I devoured the meagre selection on the single “African” shelf of every Waterstones I could find, scribbled endless signatures for book deliveries before settling into the Nottingham Public Library and discovering the fantastical world of Ben Okri in between readings of Cloth Girl by Marilyn Heward Mills, who had come to commemorate “Refugee Week” by discussing her story, set in the “troubled country of Ghana.”
“To Mwanabibi,” Okri wrote years later in sliding boxy cursive between the pages of my copy of The Famished Road, after I’d assailed him with my feverish dreams of a rising Africa, “Best wishes for all the magic & fire of life & to changing the narratives. 6-9-12.”
What I hadn’t told Okri was that I was terrified. Twelve years away and I was making the big leap back home. To allay my fears and steel myself for the great unknown I had reinvented myself as an African renaissance woman, shaved my relaxed hair and taken to wearing khanga scarves.
I joined an artists’ collective, making and selling crafts. Mine were always decidedly African – chitenge earrings, cufflinks and bracelets. I wrapped everything in print. I even partnered with a South African female empowerment project and sold intricate beadwork on its behalf. I revelled in this act of transplanting, testing the soil in the nursery before plunging into the main field. My customers lapped up the exoticism.
I had also, naturally, started a blog for which I had lofty ambitions. Endless trawling for African writers to read had led me to Nawal El Saadawi and African feminism. My blog would be about that but also social commentary as well as social enterprise and maybe even book reviews. Now, all I needed was a name.
I drew a spider gram, my favorite form of thinking, arrows of ideas shooting out of a fluffy cloud. Female empowerment, African criticism, development programs, my doodles filled the page. I scrolled through internet search results until I paused at one, “Let no one uproot the pumpkin in the old homestead.” I clicked. It was a quote from Song of Lawino, a warning to Ocol from his angry wife. I fiddled with the words. Uprooting the Pumpkin, I scribbled. It had a ring to it. I had spent all my formative years abroad and felt like a composite, neither here nor there and not willing to make a clean break either way. I would, I decided, plough the central thesis of Song of Lawino, adhere to its lessons: not an uprooting but a grafting, the creation of a hybrid.
A few hours later my Blogger page was populated by a background of orange-brown gourds; the theme was all about my journey, the confluence between cultures, traversing my identities, trying not to do an Ocol and abandon my heritage wholesale.

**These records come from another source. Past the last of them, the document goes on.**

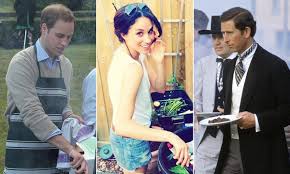 Meghan markle has no compunction to appear in front of the cameras doing anything at all if it will make her famous. Do Royals Barbecue Prince William Prince Philip More At The Grill Hello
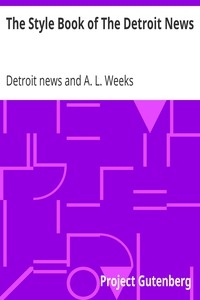 The Style Book of The Detroit News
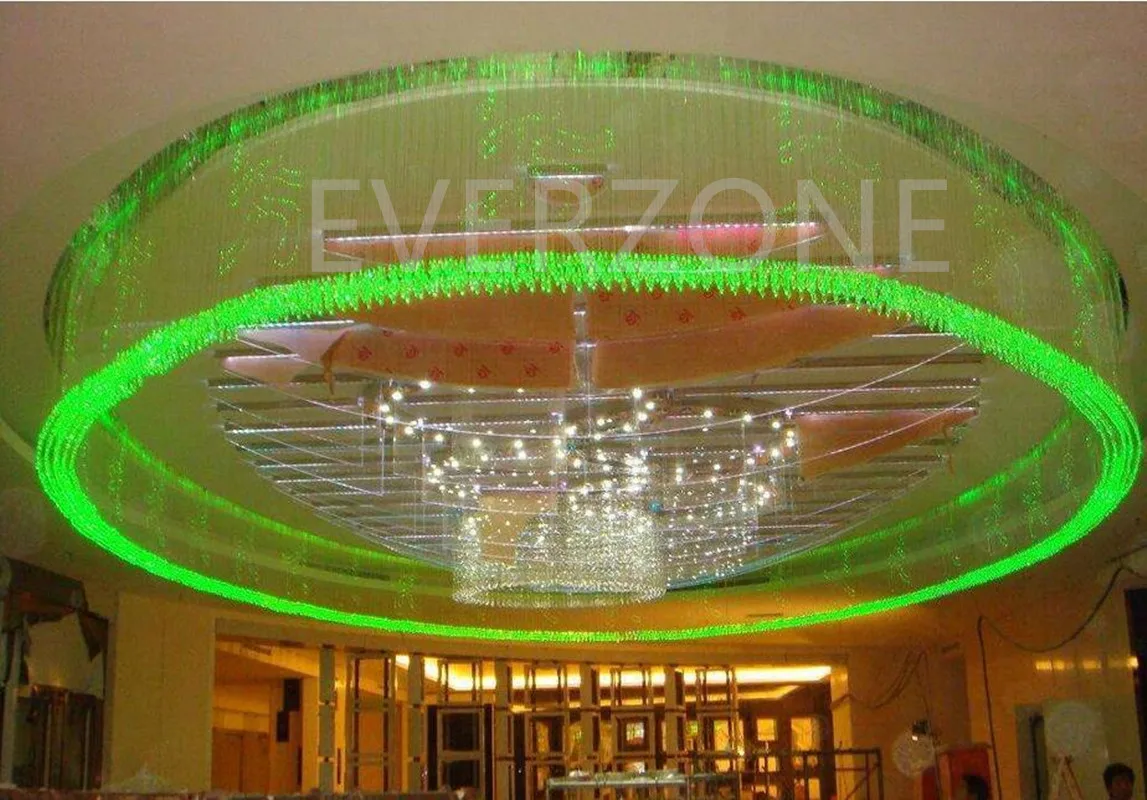 FY-1 Fiber Optic Crystal Chandelier Light End Fittings Ceiling Drooping Lighting Decoration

I hadn’t read Song of Lawino since secondary school and wouldn’t read it again until two years later, in 2014, when I’d already moved back to Zambia. I was walking along Cairo Road in Lusaka’s concrete city centre. The pavement was lined with vendors selling stationery, fruits, carved wooden animals, stone chess sets, and, laid out flat on some newspapers, rows and rows of books.
The bookseller watched the direction of my gaze from his corner of the stall. He picked up a copy of Jeffrey Archer’s Honour Among Thieves and stretched it out toward me. I shook my head but kept looking. His fluffy yellow plastic feather duster brushed over Virginia Andrews and Robert Ludlum as I scanned the books, and then, tucked in the third row, I spotted it: a small volume with black and purple text, and, below the title, a sky-blue disc with a black silhouette of a dancing woman in the background. In the foreground a menacing Picasso-mask-like face, its eyes turned toward the dancing woman, a scorpion crawling over its mouth. Lawino and Ocol in all their glory.

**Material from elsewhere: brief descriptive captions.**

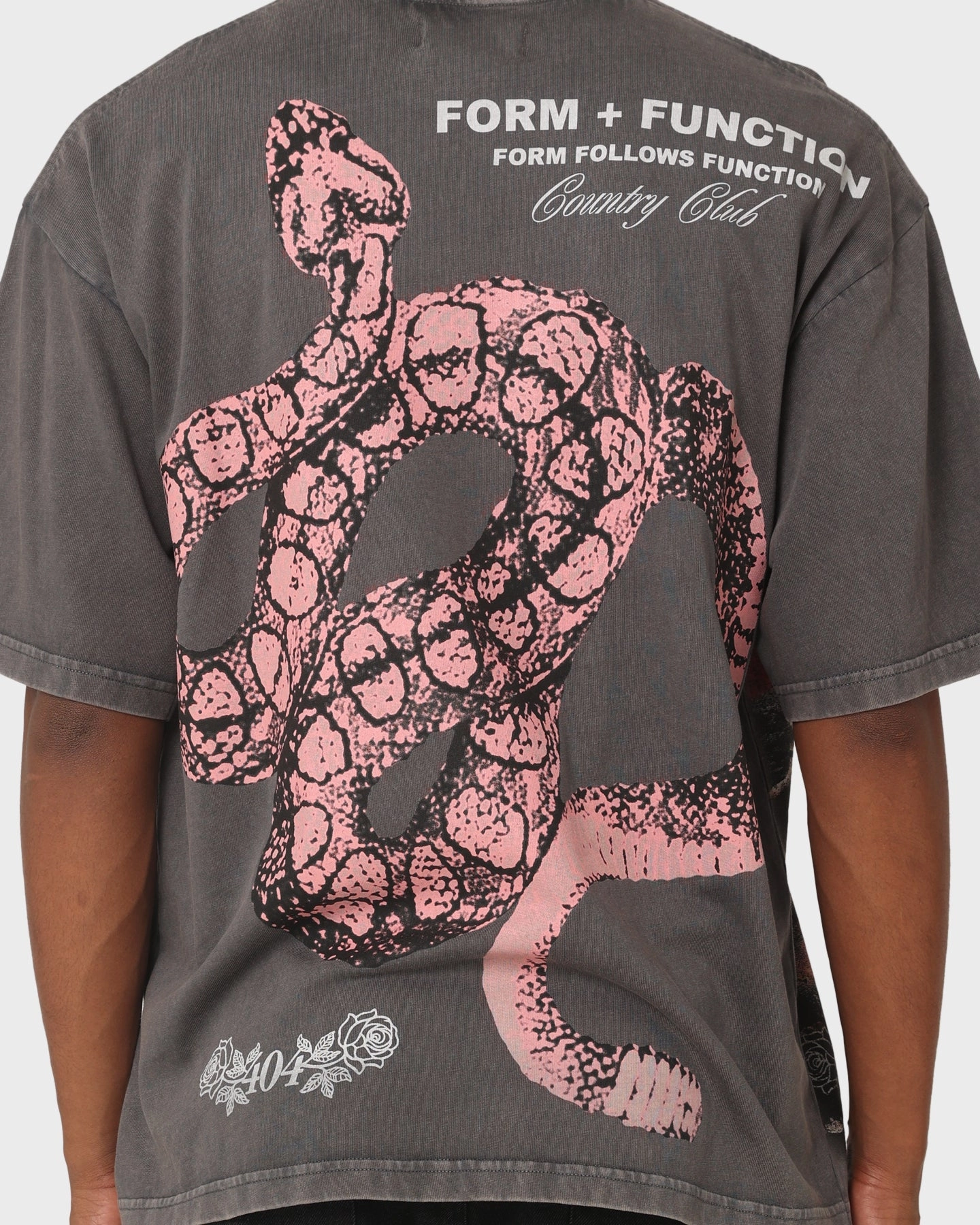 404 Wild West Vintage T-Shirt Charcoal UV Protection Loose Fit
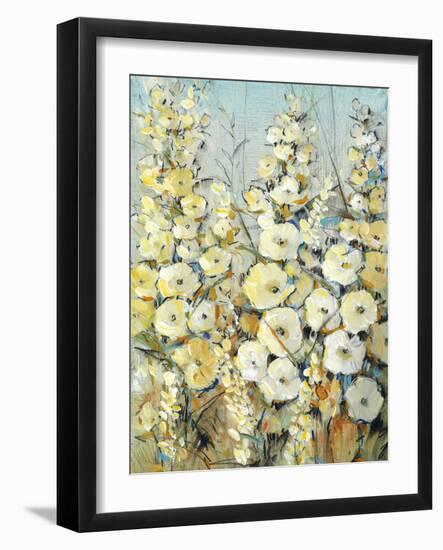 Cluster of Hollyhock I-Tim O'toole-Framed Art Print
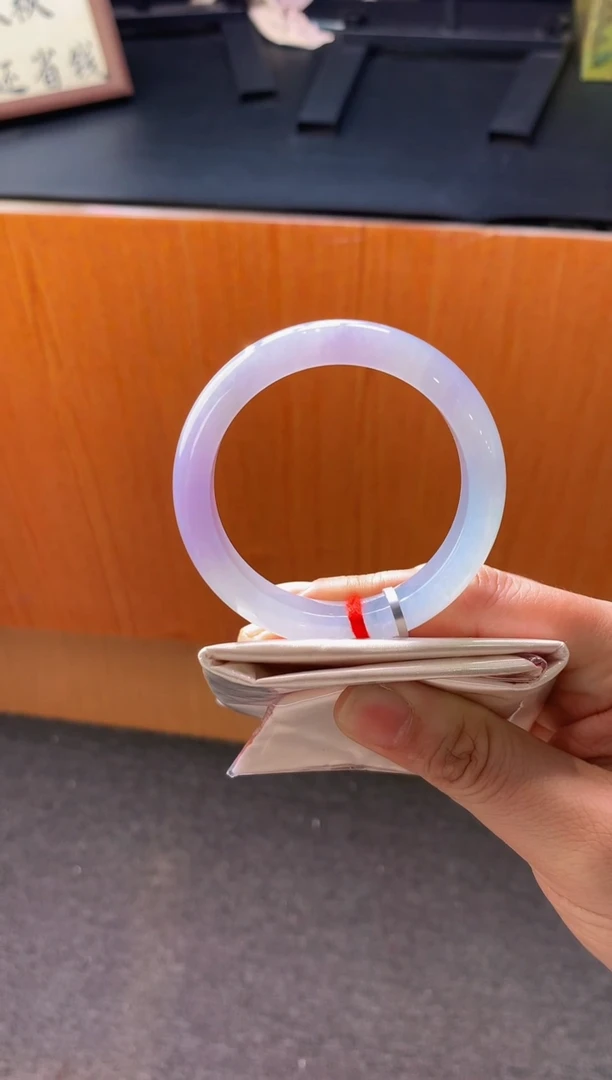 未镶嵌手镯翡翠-C165 圈口53.2 全款9.6万 定金2万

I did not need prompting to buy the book. Having returned home with all the gusto garnered from a relatively successful attempt at blogging, I was now in a sort of limbo, feeling my way through this new terrain, figuring out if I had what was needed to take root. Reading p’Bitek’s Song of Lawino again was sure to ground me.
The poet says thus in the author’s note:
Translated from the Acoli by the author who has thus clipped a bit of the eagle’s wings and rendered the sharp edges of the warrior’s sword rusty and blunt, and has also murdered rhythm and rhyme.
I brushed over the text with my fingers before turning the page, absorbing this new information. Ocol’s words no longer induced shallow mirth; they carried a greater weight, the weight of the Acoli anchoring them in the culture. Now the florid descriptions made sense. Ocol’s voice is fortified by the original language – Acoli – in which the text was written.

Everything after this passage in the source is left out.